My guess is that the manuscript is some form of hoax, but I'd be delighted to be proved wrong.

8 comments:

Anonymous said...

How did he pick the number of clusters? Did he compare his results on English text to other languages to get some sense of the variance in the number of phoneme and/or word-type clusters that natural languages have? I doubt Japanese would give any nice phoneme clusters, for instance.

If he didn't do that, it's hard to see those results as anything more than fishing expeditions.

Joshua said...

I've always been very skeptical of the hoax hypothesis. It simply looks like too much work went into the document for it to be a hoax.

My favorite (and the silliest) explanation is that it is an encrypted text of the Necronomicon. When I was an undergrad at Yale, I used to use this as an excuse to brag that I went to a university that had a copy of the Necronomicon. On a related note, I've met people who've only heard of the Voynich Manuscript in the Lovecraft context and didn't realize that the Voynich Manuscript was a real document.

Ringo said...

"I've always been very skeptical of the hoax hypothesis. It simply looks like too much work went into the document for it to be a hoax."

You'd be surprised.

Has the manuscript been carbon dated? Getting a definitive age might rule out some possibilities.

Joshua said...

Ringo, well a related issue is that the letter clustering is not pseudorandom in the way one would expect for a hoax. Humans are very bad at making up data that looks random. For example, if you ask someone to flip a coin a hundred times or instead to make up a hundred coin flips, it isn't hard looking at the resulting data to tell which they did. But the Voynich Manuscript doesn't seem to have the standard problems of non-random human made text. So the symbol generation was likely a fairly sophisticated process. That means that if it is a hoax, someone was going out of their way to deal with a sort of issue that was likely not known at the time it was made and certainly was not widely known.

Anonymous said...

There is always the possibility that someone came up with a flawed cryptographic system.
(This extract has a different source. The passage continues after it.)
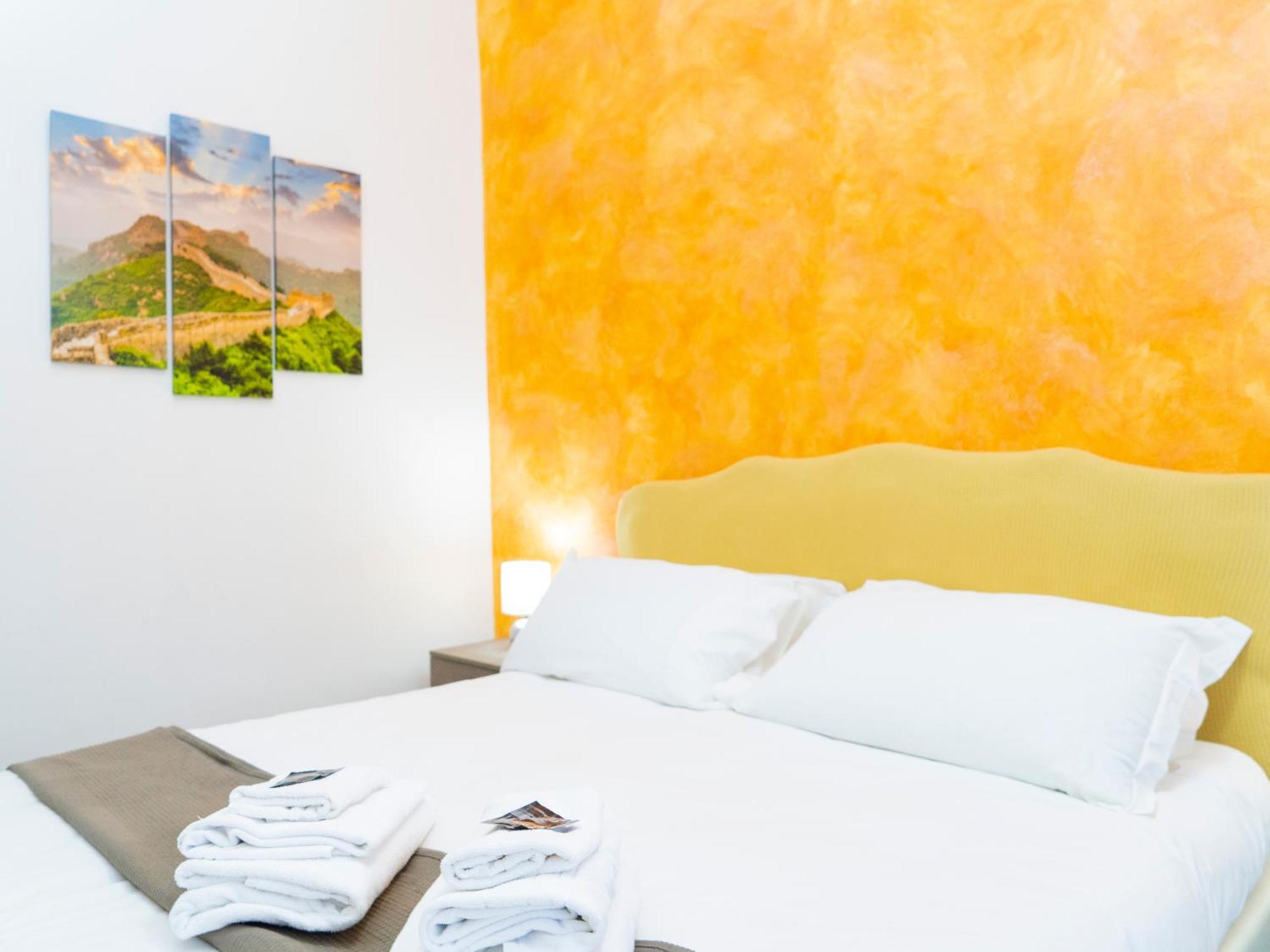 Salotto Piramide Bed & Breakfast Roma Cameră foto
I'm thinking of a "one way" system, or a "many to one" system, which can generate output, but which cannot be reversed to recover unambiguous source. I can imagine a single-minded person spending much effort on this.

TomS

Takis Konstantopoulos said...

At first sight, this looks similar to the Byzantine "mikrogrammati grafi", i.e. minuscule font (which is hard to read: for example, both $\mu$ and $\nu$ are written as $\mu$); see, e.g., a page from the earliest surviving copy of Euclid's Elements. But a closer look shows that this script is fully unreadable.

Alex said...

"When you do so, you get two clusters: the words in the "herbal", "astrological", and "pharmacological" sections predominantly fall into one cluster, and the words in the "biological" and "cosmological" sections predominantly fall into another. [To me, this suggests that the manuscript probably had at least two authors.] "

Could one also argue for the single-author theory just as easily?

Anonymous said...

I just saw a brief programme about this manuscript and I find it is just so bizare and interesting. I trully hope someone can crack it, if there is any meaning to it! and yes, it has been carbon dated now. 500 years old!